NEW YORK - A federal appeals court on Thursday said Microsoft Corp and other companies cannot be forced to turn over customer emails stored on servers outside the United States.

The 3-0 decision by a panel of the 2nd US Circuit Court of Appeals in New York was a victory for privacy advocates, as well as for technology companies hoping to offer cloud computing and other services to customers around the world.

Circuit Judge Susan Carney said communications held by US service providers on servers located outside the United States are beyond the reach of domestic search warrants issued under the Stored Communications Act, a 1986 federal law. “Congress did not intend the SCA’s warrant provisions to apply extraterritorially,” she wrote. “The focus of those provisions is protection of a user’s privacy interests.”

Microsoft had been challenging a warrant seeking emails stored on a server in Dublin, Ireland, in a narcotics case.

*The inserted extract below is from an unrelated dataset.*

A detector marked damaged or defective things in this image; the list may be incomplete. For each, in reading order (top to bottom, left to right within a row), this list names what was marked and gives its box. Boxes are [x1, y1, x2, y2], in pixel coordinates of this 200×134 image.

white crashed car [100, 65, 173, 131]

It was believed to be the first US company to challenge a domestic search warrant seeking data held outside the country. Thursday’s decision reversed a July 2014 ruling by then-Chief Judge Loretta Preska of the US District Court in Manhattan requiring Microsoft to turn over the emails. It also voided a contempt finding against the company.

The office of US Attorney Preet Bharara in Manhattan, which defended the warrant, declined to comment. Microsoft did not immediately respond to requests for comment. Microsoft’s case has attracted strong interest from the technology and media sectors. Dozens of companies, organizations and individuals filed briefs supporting the company’s appeal, including Inc , Apple Inc, Cisco Systems Inc, CNN , Fox News Network, Gannett Co and Verizon Communications Inc.

Microsoft had said the warrant could not reach emails on the Dublin server because US law did not apply there.

The Redmond, Washington-based company also said enforcing its warrant could spark a global “free-for-all,” where law enforcement authorities elsewhere might seize emails belonging to Americans and stored in the United States.

Federal prosecutors countered that quashing warrants such as Microsoft’s would impede their own law enforcement efforts.

But Judge Carney said limiting the reach of warrants serves “the interest of comity” that normally governs cross-border criminal investigations.

She said that comity is also reflected in treaties between the United States and all European Union countries, including Ireland, to assist each other in such probes.

Circuit Judge Gerard Lynch concurred in the judgment, and urged Congress to update the “badly outdated” 1986 law to strike a better balance between current law enforcement needs and users’ privacy interests and expectations.

He said the law as it stands lets Microsoft thwart an otherwise justified demand to turn over emails by the “simple expedient” of choosing to store them outside the United States. “I concur in the result, but without any illusion that the result should even be regarded as a rational policy outcome, let alone celebrated as a milestone in protecting privacy,” he wrote.

The case is In re: Warrant to Search a Certain E-Mail Account Controlled and Maintained by Microsoft Corp, 2nd US Circuit Court of Appeals, No. 14-2985.